5 Retailers Hedge Funds Are Bailing On As Inflation Soars

2. The TJX Companies, Inc. (NYSE:TJX)

Number of Hedge Fund Shareholders: 56

Hedge fund ownership of The TJX Companies, Inc. (NYSE:TJX) peaked in Q3 2020 after rising steadily for several years. It’s cratered by 29% since then however, falling over five of the last six quarters. James Dinan’s York Capital Management and Chris James’ Engine No. 1 LLC are some of the funds that sold off their TJX positions over the past few quarters.

The TJX Companies, Inc. (NYSE:TJX) is in somewhat of a better position than other retailers given the unique way in which it sources discounted products, which allows it to avoid some of the supply chain woes ailing other retailers. TJX has grown EPS by an average of about 10% over the last ten years, and that trend appears to be intact thanks to the company resuming its share repurchase program after briefly hoarding cash at the outset of the pandemic.

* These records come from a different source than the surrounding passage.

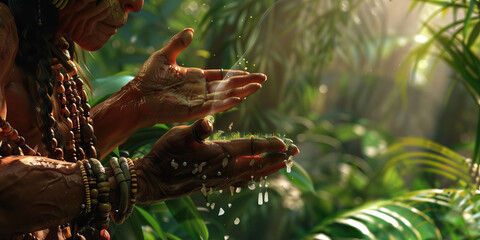 In the heart of a lush jungle, a shaman conducts a ritual, imbuing nature with their spiritual energies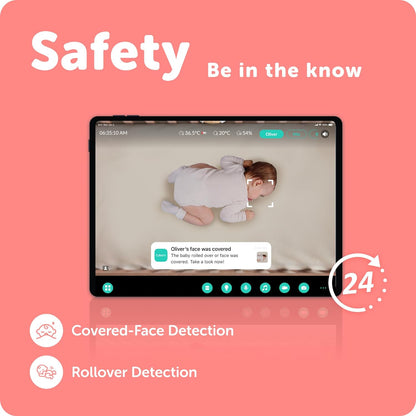 CüboAi Pacote de segurança para dormir - Inclui monitor de bebê inteligente Cubo Ai Plus com visão noturna HD 1080p com conjunto de 3 suportes e almofada de sensor de sono | Alertas de segurança de IA proativa, análise de sono e detecção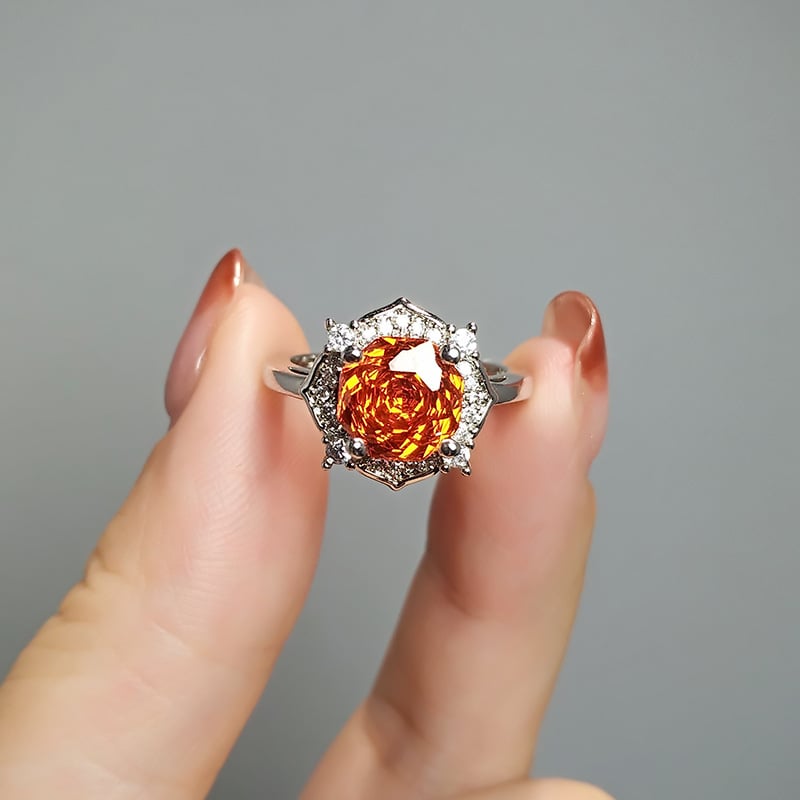 Állítható réz virág alakú gyűrű, elektroplakolással, könnyed luxus stílus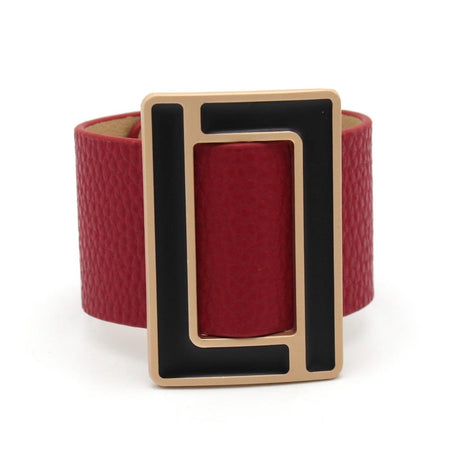 Geometric Wrap Leather Bracelet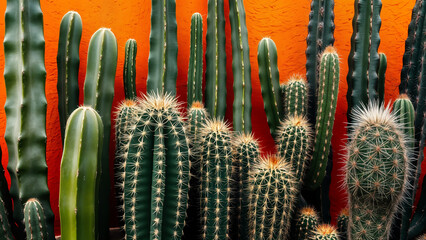 Group of tall green cacti against an orange background.
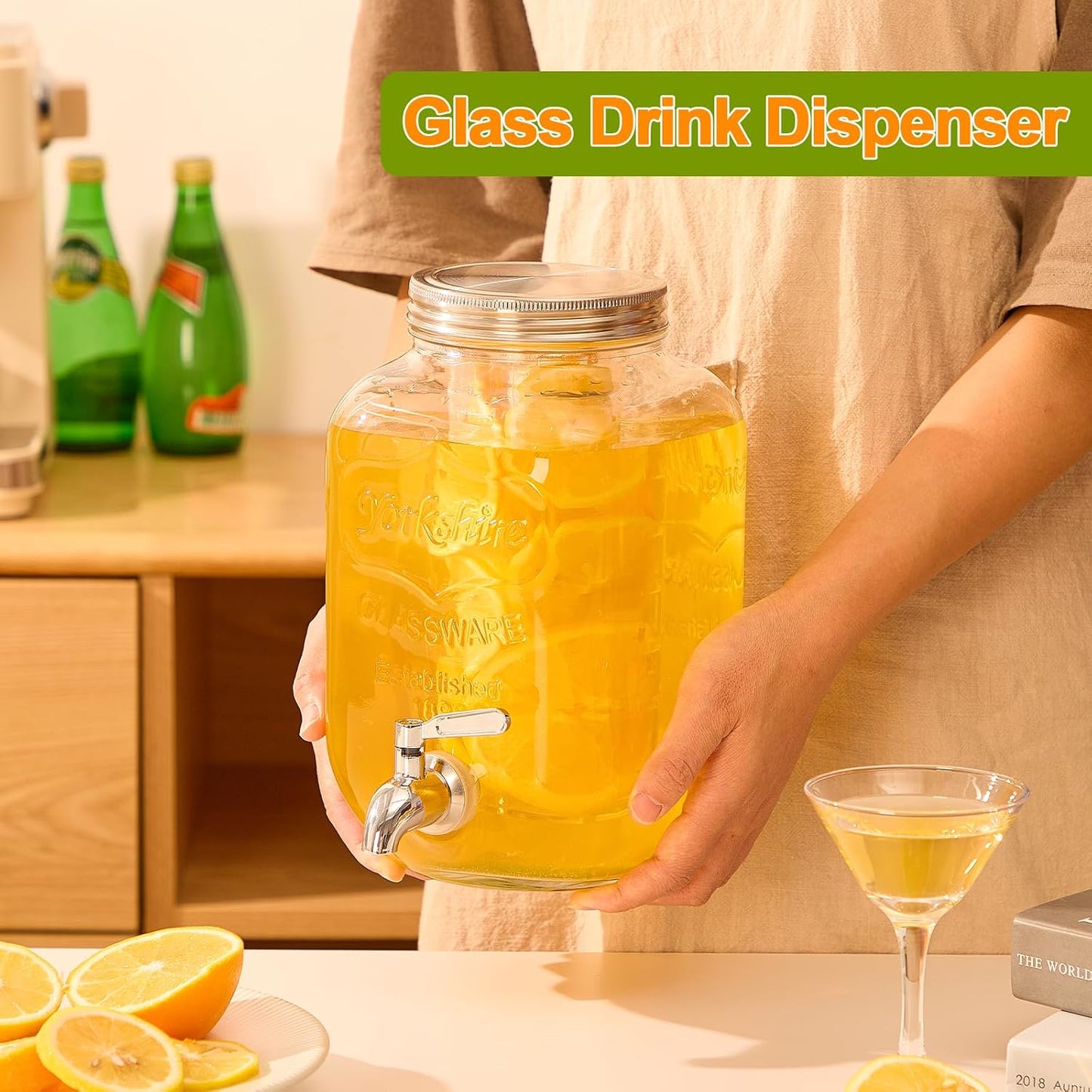 1 Gallon Glass Drink Dispensers for Parties, 2 Pack Beverage Dispenser with Stand, Fruit Infuser & Leakproof Stainless Steel Spigot, Juice Dispenser for Lemonade, Iced Tea, Sun Tea & Infused Water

The ClearBridge Investments Large Cap Value Strategy liked the potential post-pandemic customer surge to The TJX Companies, Inc. (NYSE:TJX), as revealed in the fund’s Q4 2021 investor letter:

“The pandemic created opportunities for us to be more aggressive in a variety of areas of the market. We were opportunistic throughout the year, for example, in positioning the portfolio to benefit from a flush consumer eager to return to spending and traveling. New positions included TJX, an off-brand retailer with a large presence in the U.S. and Europe that should continue to benefit from the contraction of many traditional retailers, particularly as consumer spending resumes.”